In this work, we address the problem of approximate pattern matching with wildcards. Given a pattern $P$ of length $m$ containing $D$ wildcards, a text $T$ of length $n$, and an integer $k$, our objective is to identify all fragments of $T$ within Hamming distance $k$ from $P$. Our primary contribution is an algorithm with runtime $O(n+(D+k)(G+k)\cdot n/m)$ for this problem. Here, $G \le D$ represents the number of maximal wildcard fragments in $P$. We derive this algorithm by elaborating in a non-trivial way on the ideas presented by [Charalampopoulos et al., FOCS'20] for pattern matching with mismatches (without wildcards). Our algorithm improves over the state of the art when $D$, $G$, and $k$ are small relative to $n$. For instance, if $m = n/2$, $k=G=n^{2/5}$, and $D=n^{3/5}$, our algorithm operates in $O(n)$ time, surpassing the $\Omega(n^{6/5})$ time requirement of all previously known algorithms. In the case of exact pattern matching with wildcards ($k=0$), we present a much simpler algorithm with runtime $O(n+DG\cdot n/m)$ that clearly illustrates our main technical innovation: the utilisation of positions of $P$ that do not belong to any fragment of $P$ with a density of wildcards much larger than $D/m$ as anchors for the sought (approximate) occurrences. Notably, our algorithm outperforms the best-known $O(n\log m)$-time FFT-based algorithms of [Cole and Hariharan, STOC'02] and [Clifford and Clifford, IPL'04] if $DG = o(m\log m)$. We complement our algorithmic results with a structural characterization of the $k$-mismatch occurrences of $P$. We demonstrate that in a text of length $O(m)$, these occurrences can be partitioned into $O((D+k)(G+k))$ arithmetic progressions. Additionally, we construct an infinite family of examples with $\Omega((D+k)k)$ arithmetic progressions of occurrences, leveraging a combinatorial result on progression-free sets [Elkin, SODA'10].

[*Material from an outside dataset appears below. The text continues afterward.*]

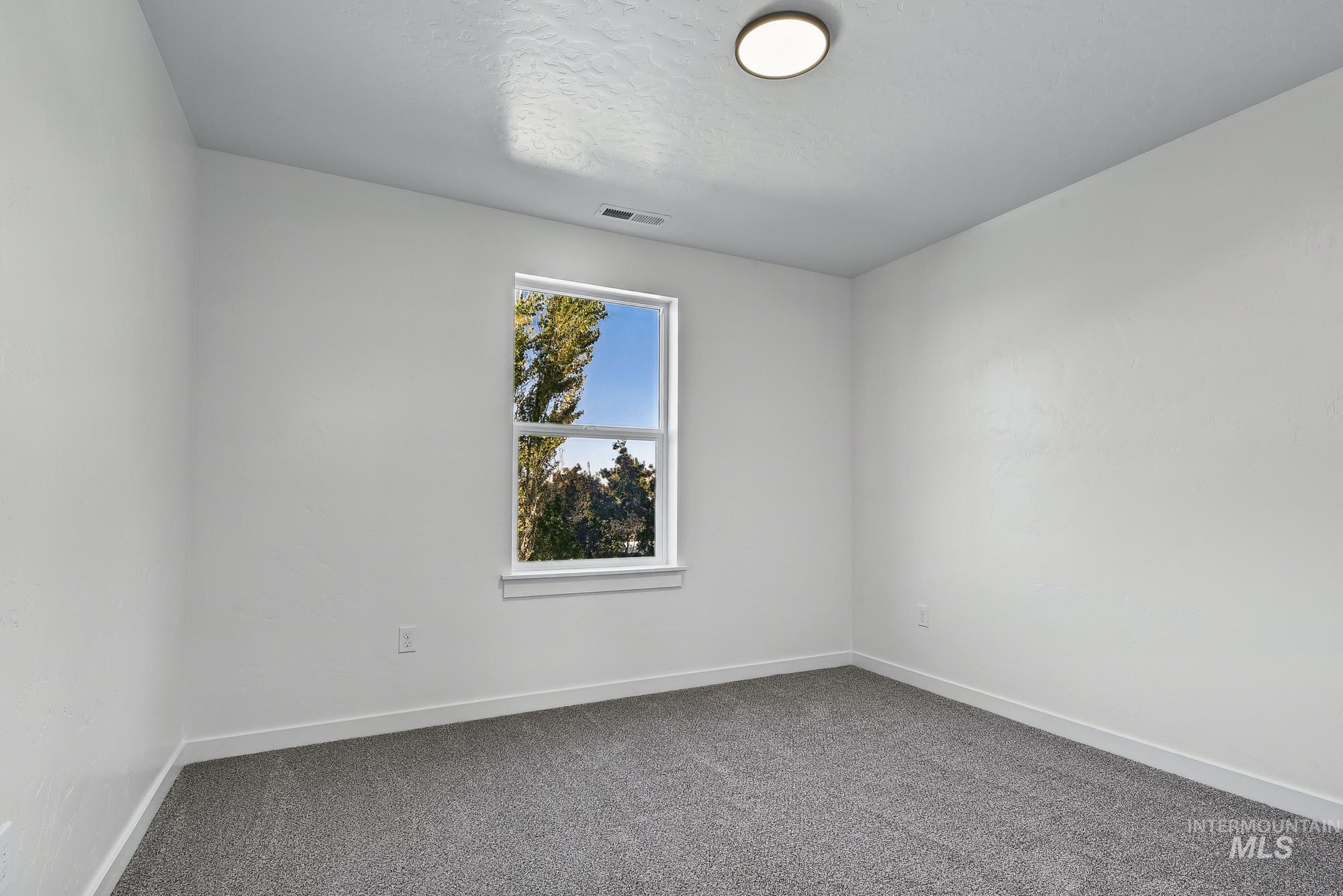 1915 Jensens Way, Payette, Idaho 83661, 4 Bedrooms, 2.5 Bathrooms, Residential For Sale, Price $310,000,MLS 99004097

翻译：本文研究含通配符的近似模式匹配问题。给定长度为 $m$、包含 $D$ 个通配符的模式 $P$，长度为 $n$ 的文本 $T$，以及整数 $k$，目标是找出 $T$ 中与 $P$ 的汉明距离不超过 $k$ 的所有片段。我们的主要贡献是提出一个运行时间为 $O(n+(D+k)(G+k)\cdot n/m)$ 的算法，其中 $G \le D$ 表示 $P$ 中最大通配符片段的数目。该算法通过深度拓展 [Charalampopoulos 等，FOCS'20] 针对不含通配符的容错模式匹配思想而获得。当 $D$、$G$ 和 $k$ 相对于 $n$ 较小时，本算法优于现有技术。例如，当 $m = n/2$、$k=G=n^{2/5}$、$D=n^{3/5}$ 时，算法可在 $O(n)$ 时间内运行，超越所有已知算法所需的 $\Omega(n^{6/5})$ 时间。在精确通配符模式匹配（$k=0$）场景下，我们提出一个更简洁的算法，运行时间为 $O(n+DG\cdot n/m)$，清晰阐释了核心技术创新：利用 $P$ 中不属于任何具有远大于 $D/m$ 通配符密度的片段的位置，作为待求（近似）匹配的锚点。值得注意的是，当 $DG = o(m\log m)$ 时，本算法优于 [Cole 和 Hariharan，STOC'02] 及 [Clifford 和 Clifford，IPL'04] 中基于快速傅里叶变换的 $O(n\log m)$ 最优算法。我们进一步通过 $P$ 的 $k$-错配匹配结构刻画补充算法结果：在长度为 $O(m)$ 的文本中，这些匹配可划分为 $O((D+k)(G+k))$ 个等差数列。此外，利用无等差数列集的组合结果 [Elkin，SODA'10]，我们构造了包含 $\Omega((D+k)k)$ 个匹配等差数列的无限实例族。